Hacker News new | past | comments | ask | show | jobs | submit login
CBOR – Concise Binary Object Representation (cbor.io)
81 points by tosh on Aug 3, 2019 | hide | past | favorite | 71 comments



CBOR is MessagePack. At least cbor-ruby started with the MessagePack sources. The story is that Carsten took MessagePack, wrote a standard and added some things he wanted, and called it something else.

I wrote [1] a pretty comprehensive (and admittedly biased) critique of the CBOR standard years ago.

[1] https://news.ycombinator.com/item?id=14072598

Disclaimer: I wrote and maintain a MessagePack implementation.


Indeed, the RFC says so directly:

   CBOR was inspired by MessagePack.  MessagePack was developed and
   promoted by Sadayuki Furuhashi ("frsyuki").  This reference to
   MessagePack is solely for attribution; CBOR is not intended as a
   version of or replacement for MessagePack, as it has different design
   goals and requirements.
I fail to see what is wrong with having both CBOR and MessagePack, or with trying to bring a MessagePack-like thing to the IETF, if MessagePack's design (lack of extension points, etc.) was problematic for enabling future applications.

Also: CBOR is not one person.
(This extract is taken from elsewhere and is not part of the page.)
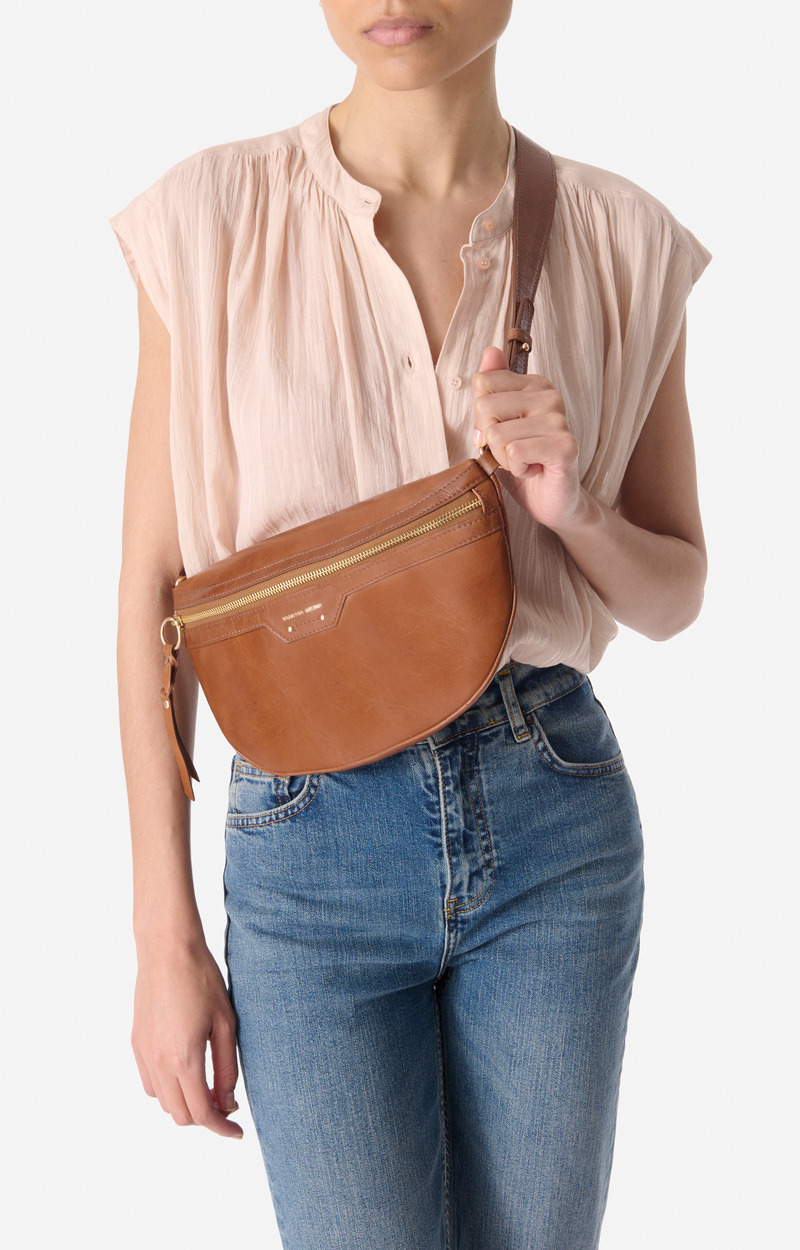 Sac Banane En Cuir En Coton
The CBOR working group, and the IETF in general, put forward the spec. If you object to how the process went down, your quarrel likely lies with IETF, not any individual.


CBOR isn't merely _inspired_ by MessagePack. cbor-ruby forked a Ruby MessagePack implementation. Its format is conceptually and fundamentally the same.
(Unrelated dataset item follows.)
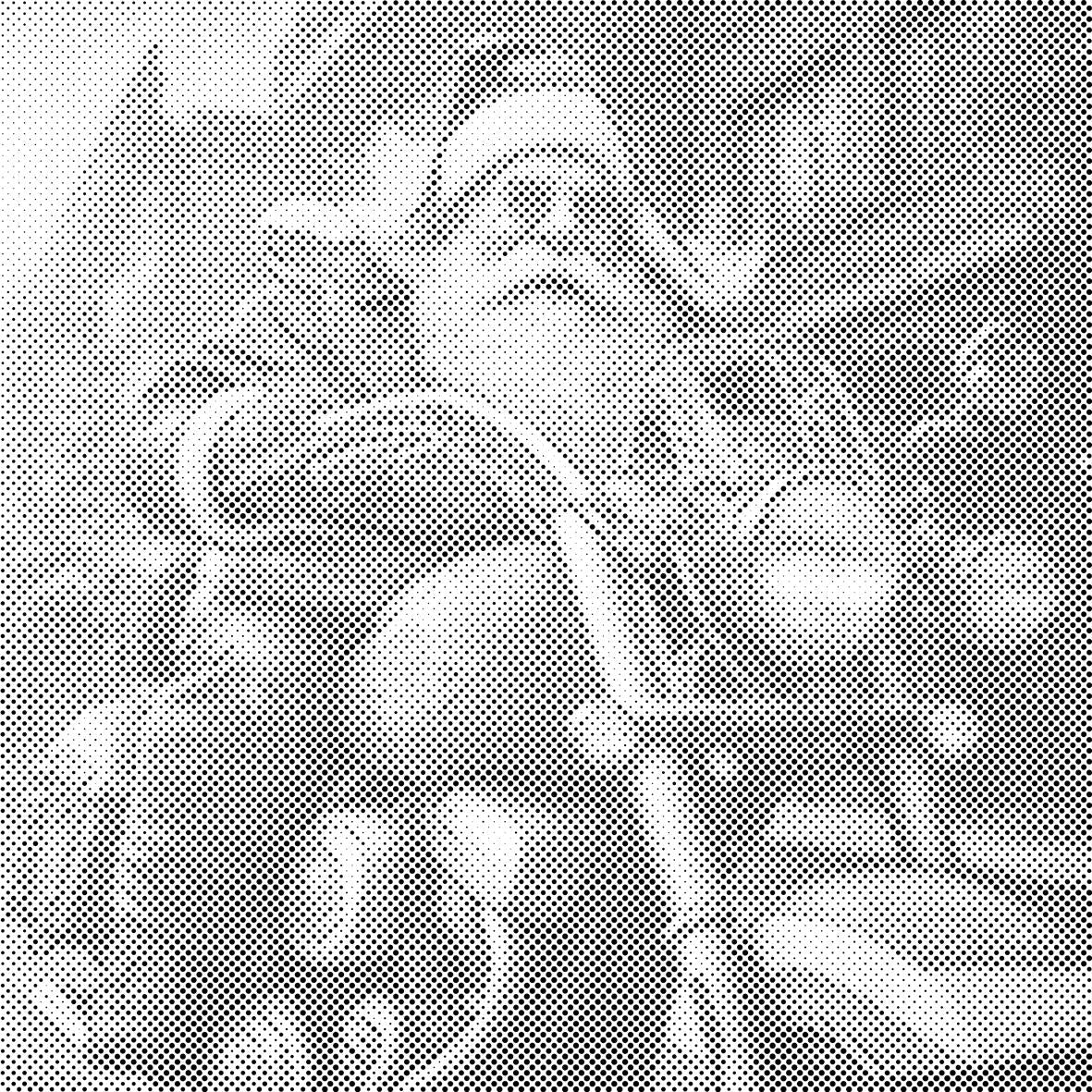 Père Noël moderne - Dottingo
As for the rest of the process, that HN post I linked to has a basket of links at the end which are a good summary of what happened. I still (as I wrote before) won't characterize events, I think people should make up their own mind about it. But I think it's not biasing to reiterate:

> At least cbor-ruby started with the MessagePack sources. The story is that Carsten took MessagePack, wrote a standard and added some things he wanted, and called it something else.
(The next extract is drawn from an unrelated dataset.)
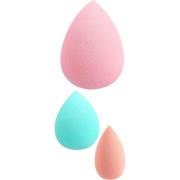 ilu Makeup Sponges Mini Medium Large 3 St.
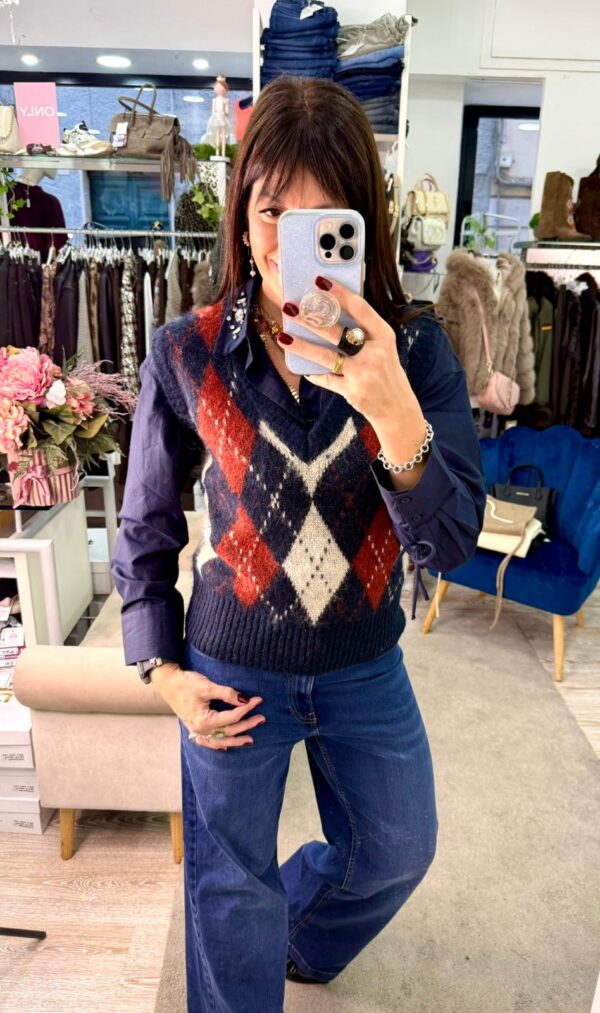 Gilet in lana only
In your opinion, what's the value of MessagePack? I worked with it when writing some Fluentd tools, and it was neat, but I didn't love it enough to switch from JSON on other projects. Maybe there's a killer feature I didn't know I need?


At my work we recently went through a large exercise to decide on a common data storage format. The contenders were JSON, MessagePack, and Avro. MessagePack won because:

- Msgpack serialization and deserialization is very fast in many languages - often 100x faster then JSON

- Msgpack natively supports encoding binary data

- Msgpack has type extensions, making it trivial to represent common types in an efficient way (eg. IPv4 address, timestamps)

- Msgpack has good libraries available in many languages

If you do not care about those things (no binary data, no need for extended types, not performance critical) then JSON is just fine.


I'm curious why didn't you consider FlatBuffers as well.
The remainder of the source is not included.